On the other hand, as it can be observed in Figure 15, the parametric model shows a good fit, both in the high and the low range of cutting speed. In contrast to what occurs with STR and PAR, RON and CRO are transversally measured, so they are less affected by vibrations, chip fragmentation, or BUE instabilities. Consequently, more accurate models can be obtained.
Finally, it should be noted that these parametric models are similar to those obtained by other researchers for similar aluminum alloys [34, 67].
4. Conclusions
One of the most important quality requirements applicable to machined parts is related to the surface integrity, due to its effect on their service behavior. In the context of the aeronautic industry, this is especially important when these parts are placed in critical areas of the aircraft structure.
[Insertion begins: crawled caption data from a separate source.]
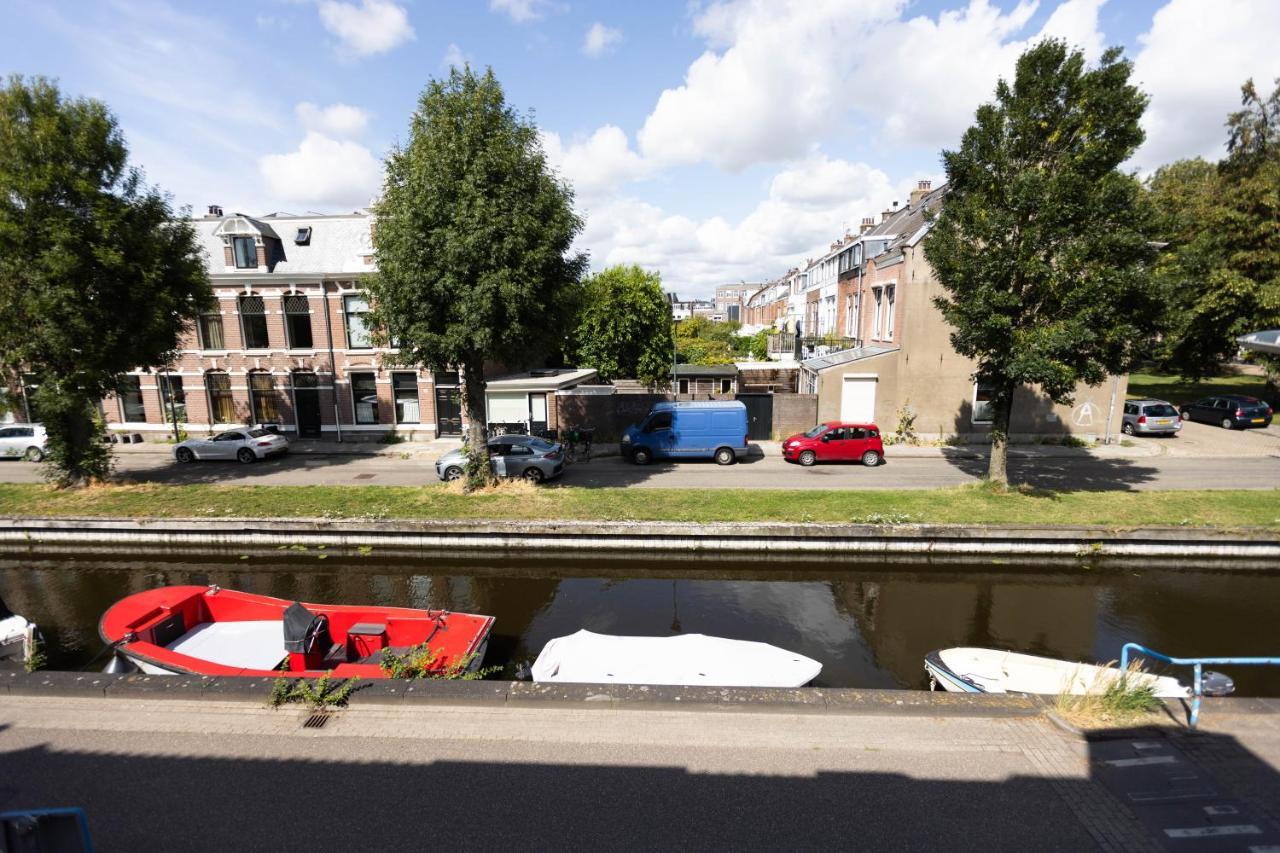 B&B Brouwersvaart Haarlem Eksteriør bilde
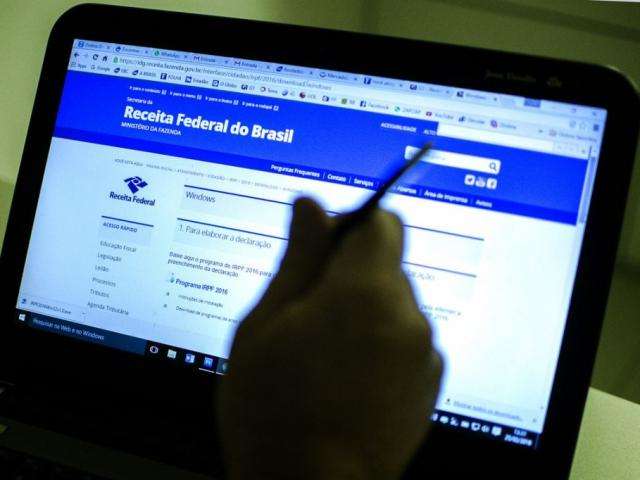 Receita recebe quase 1 milh&atilde;o de declara&ccedil;&otilde;es do IR em dois dias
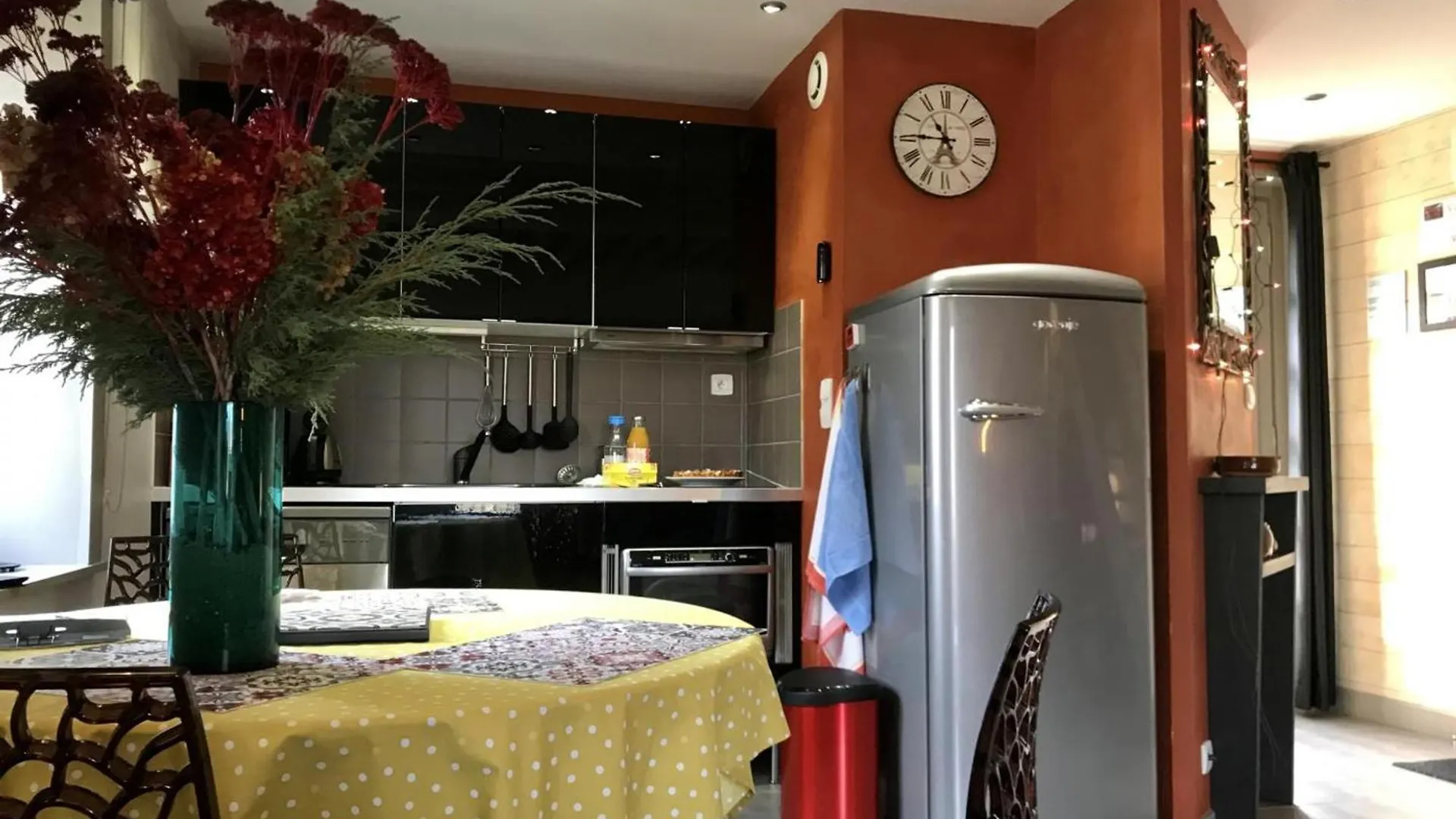 Holiday home Gite De Charme Avec Terrasse, Wi-Fi Et Equipement Bebe - Fr-1-496-125 Chagnon France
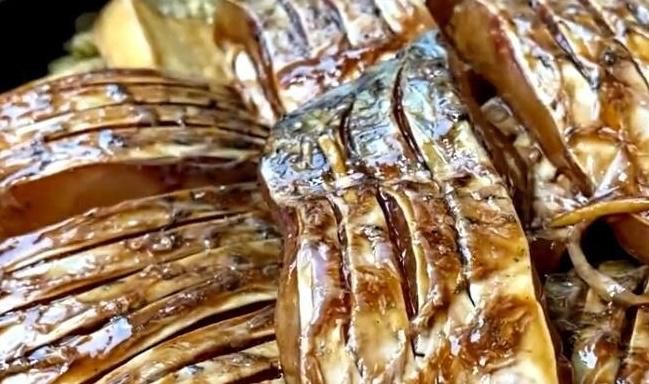 白菜|夏天遇到这鱼从不还价，一买就是2条，做给孩子吃补钙健脑无乱刺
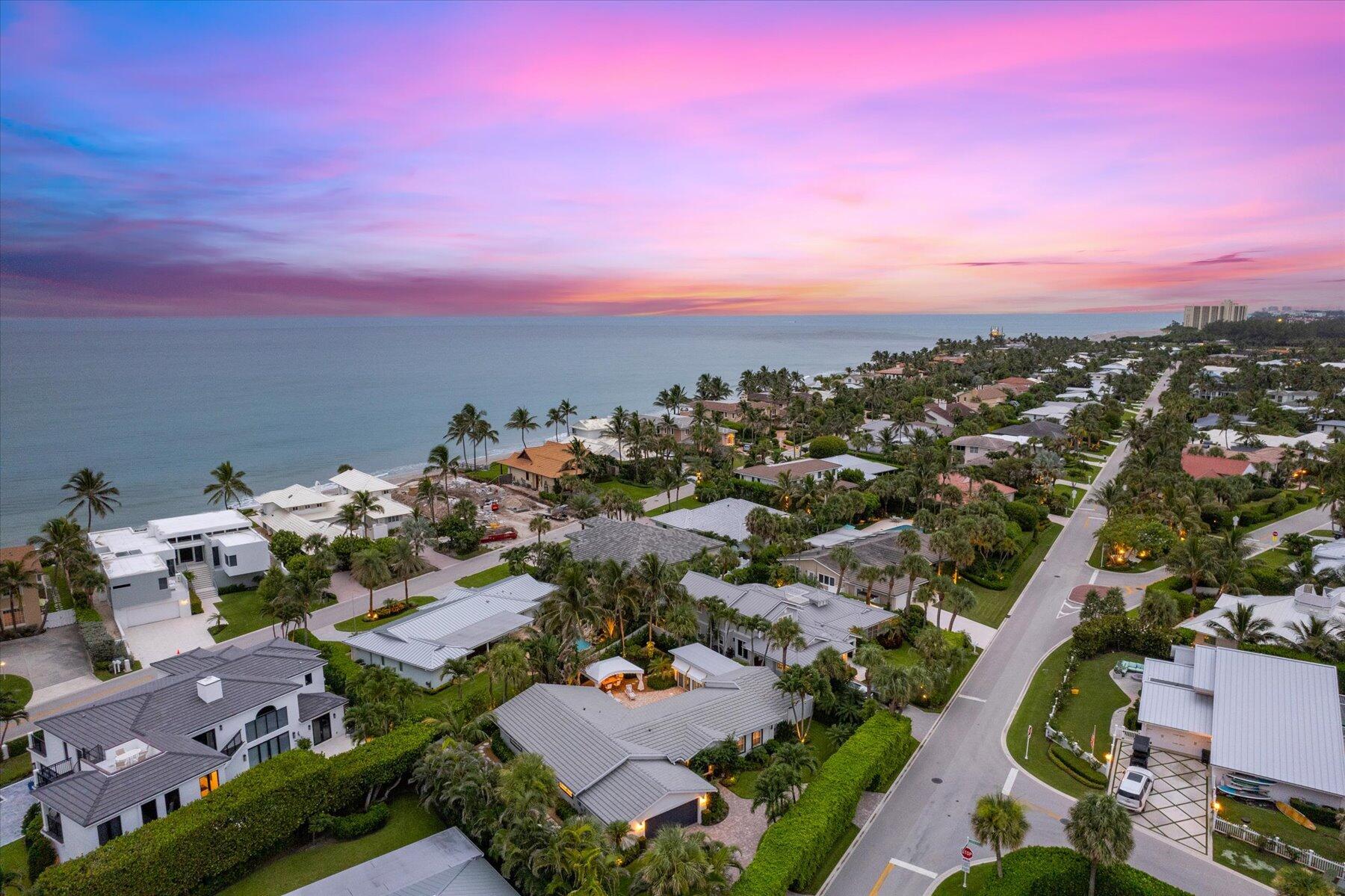 JUPITER INLET COLONY - Residential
The surface integrity concerns both geometric and physical-chemical properties. The geometric characteristics assume greater importance in the assemblage and functional behavior of coupled parts. The influence of cutting parameters on the surface roughness (microscale deviations) has been long studied, whereas there is a lack of researches of the influence of these parameters on geometric deviations (macroscale deviations), despite their importance. Thus, further studies in this direction are required, especially in dry machining, when the upper bound of these deviations is normally obtained.
In this work, an analysis of the influence of the cutting parameters (cutting speed and feed) on several geometric deviations (straightness, parallelism, roundness, and circular run-out), obtained in the dry machining of UNS A97075 (Al-Zn) test bars, has been made.
The experimental results have revealed, in general, a low sensitivity to change of these geometric deviations with the cutting parameters. This behavior differs from that observed by other researchers for roughness (evaluated in terms of Ra), where the feed has shown a predominant influence.
Notwithstanding, the straightness and the parallelism have shown a slightly higher sensitivity to change with the cutting speed. This is due to the fact that they are longitudinally measured, so their values are more influenced by vibrations, chip fragmentation, and BUE instability, mainly in the higher range of cutting speed. On the other hand, the roundness and the circular run-out are less affected by the aforementioned phenomena, because they are transversely measured. In this case, the highest sensitivity to change has been found at low feed values, when the height of machined mark is lower and far more sensitive to vibrations. Because of this, it can be said that the roundness and the parallelism show a slightly higher sensitivity to change with the feed.
In addition, a set of exponential parametric models have been proposed for STR(v,f), PAR(v,f), RON(v,f), and CRO(v,f). These models allow the prediction of these GD values as a function of cutting parameters applied (v and f), with a certain degree of approximation, in the range of cutting parameters tested. Finally, it should be pointed that these models are similar to those obtained by other researchers for similar aluminum alloys, so they can be thought as general for such alloys and it is left for further research to check their generality.
Conflict of Interests
The authors declare that there is no conflict of interests regarding the publication of this paper.
Footnotes
Acknowledgment
The authors thank University of Malaga-Andalucía Tech Campus of International Excellence for its economic contribution to this paper.